The reply must repeat the listing below exactly and carry none of its pictures.

__Data section__

..........

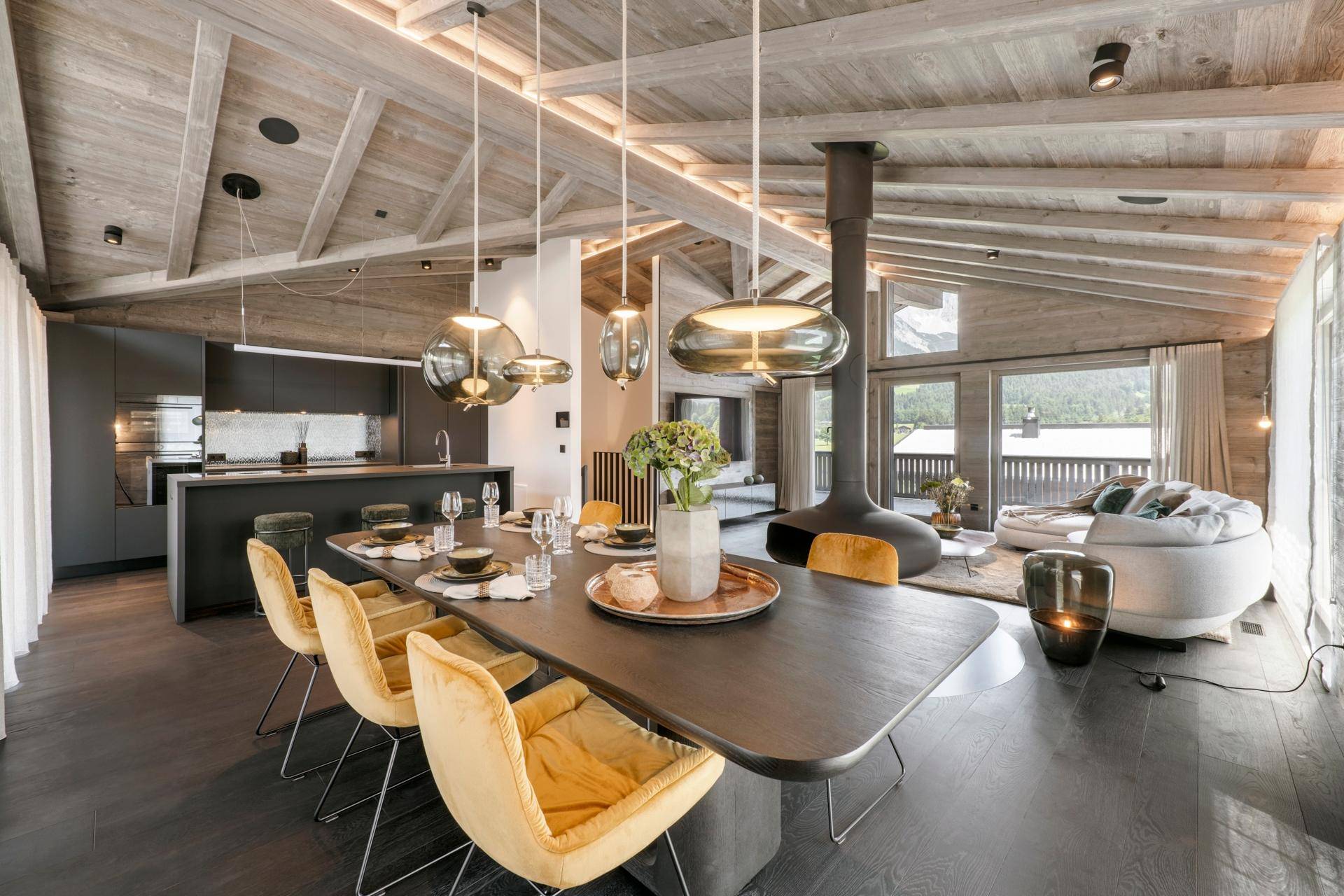 Moderner Essbereich mit Designerleuchten, Holzbalkendecke und offener Küche im Hintergrund.
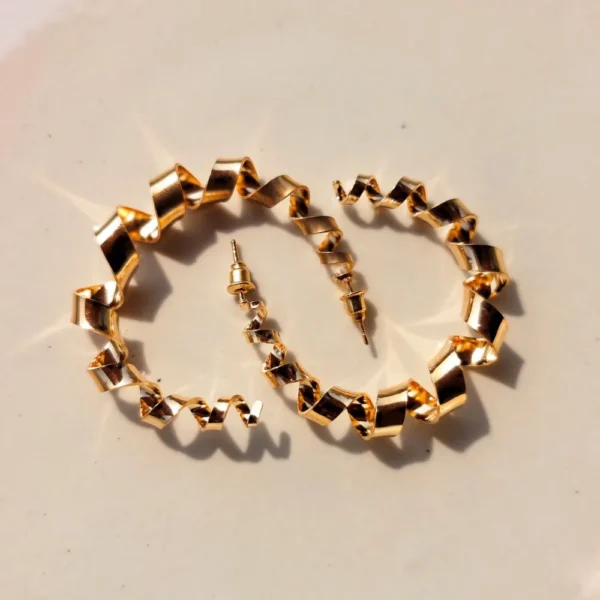 Golden illusion hoop earrings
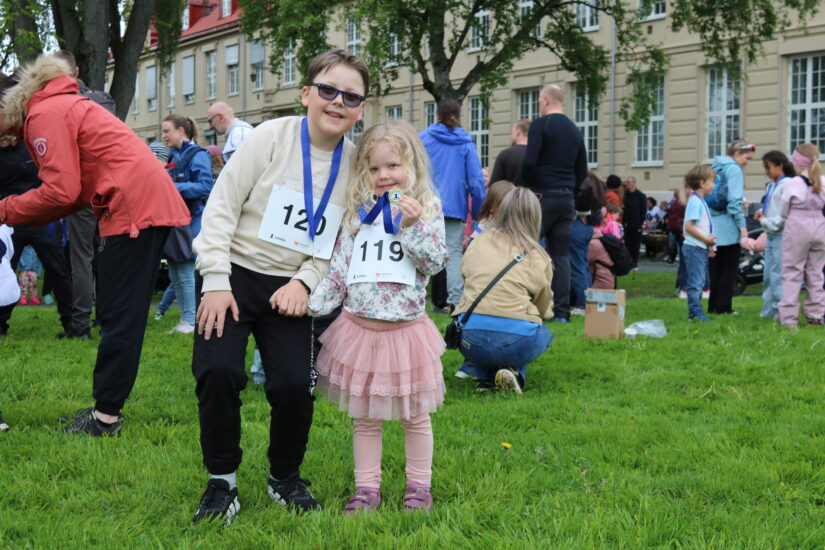 To barn smiler, de har medaljer rundt halsen.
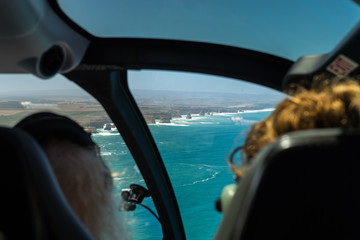 Helicopter Flight at 12 Apostles. Helicopter flight at famous "12 Apostles", Great Ocean Road, Australia. Taken from the inside, two women sitting in the front of the cockpit.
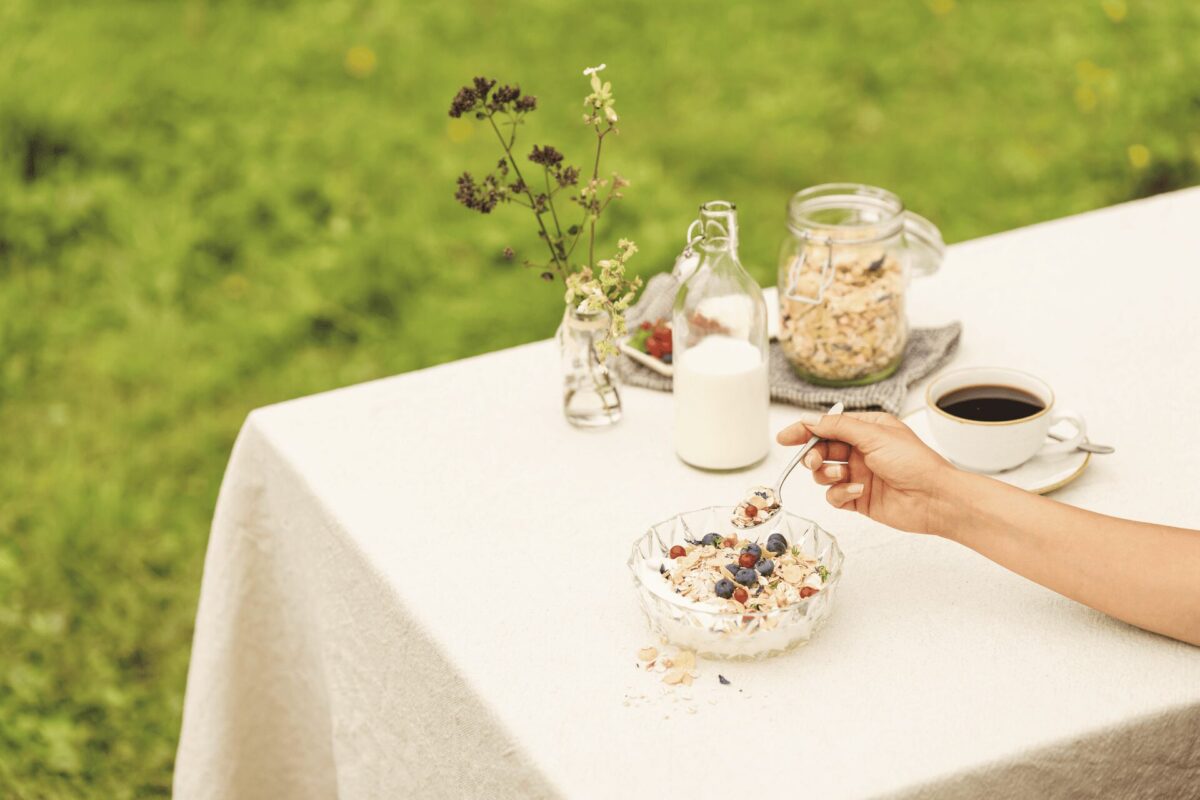 Eine Person isst an einem Tisch im Freien eine Schüssel Müsli mit Beeren; daneben stehen Milch, Granola, Kaffee und ein kleines Blumenarrangement.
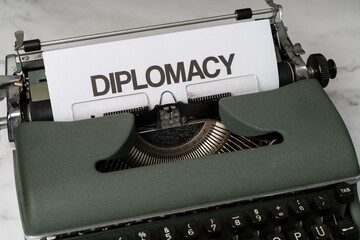 Diplomacy written on a paper in a type writer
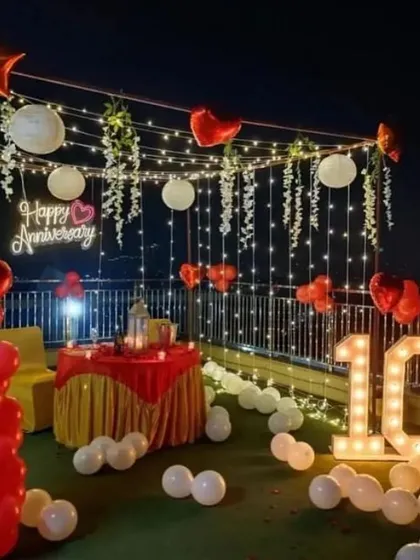 A romantic 10th-anniversary celebration on a rooftop. The decor features a canopy of fairy lights and paper lanterns, a 'Happy Anniversary' neon sign, and a light-up number '10'.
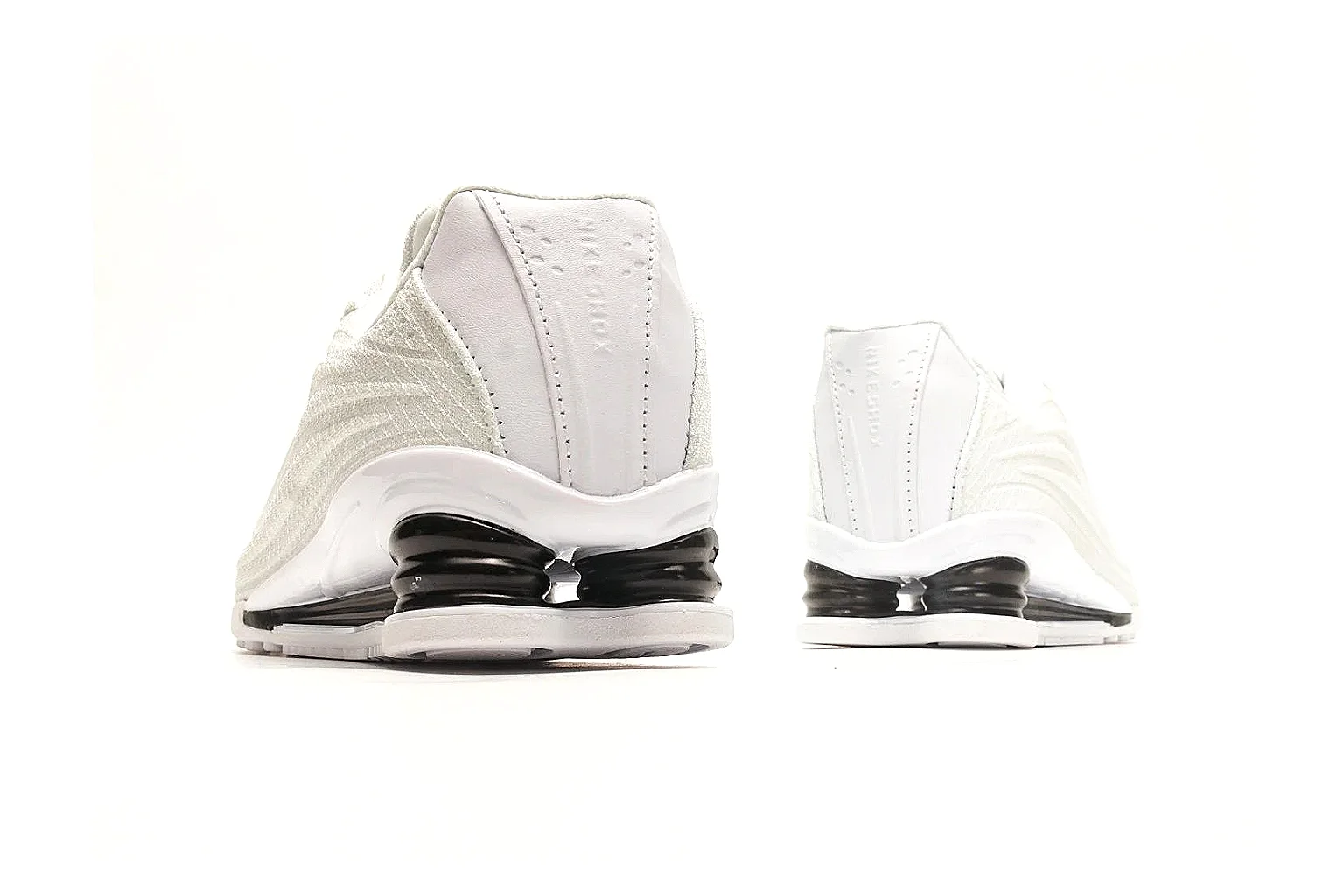 Nike Shox Z White Sneakers comparison photo showing white streamlined layered upper, small Swoosh, black heel cushioning columns, and modern low runner shape thumbnail 3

..........

__Output for this exercise__
 Moderner Essbereich mit Designerleuchten, Holzbalkendecke und offener Küche im Hintergrund.
 Golden illusion hoop earrings
 To barn smiler, de har medaljer rundt halsen.
 Helicopter Flight at 12 Apostles. Helicopter flight at famous "12 Apostles", Great Ocean Road, Australia. Taken from the inside, two women sitting in the front of the cockpit.
 Eine Person isst an einem Tisch im Freien eine Schüssel Müsli mit Beeren; daneben stehen Milch, Granola, Kaffee und ein kleines Blumenarrangement.
 Diplomacy written on a paper in a type writer
 A romantic 10th-anniversary celebration on a rooftop. The decor features a canopy of fairy lights and paper lanterns, a 'Happy Anniversary' neon sign, and a light-up number '10'.
 Nike Shox Z White Sneakers comparison photo showing white streamlined layered upper, small Swoosh, black heel cushioning columns, and modern low runner shape thumbnail 3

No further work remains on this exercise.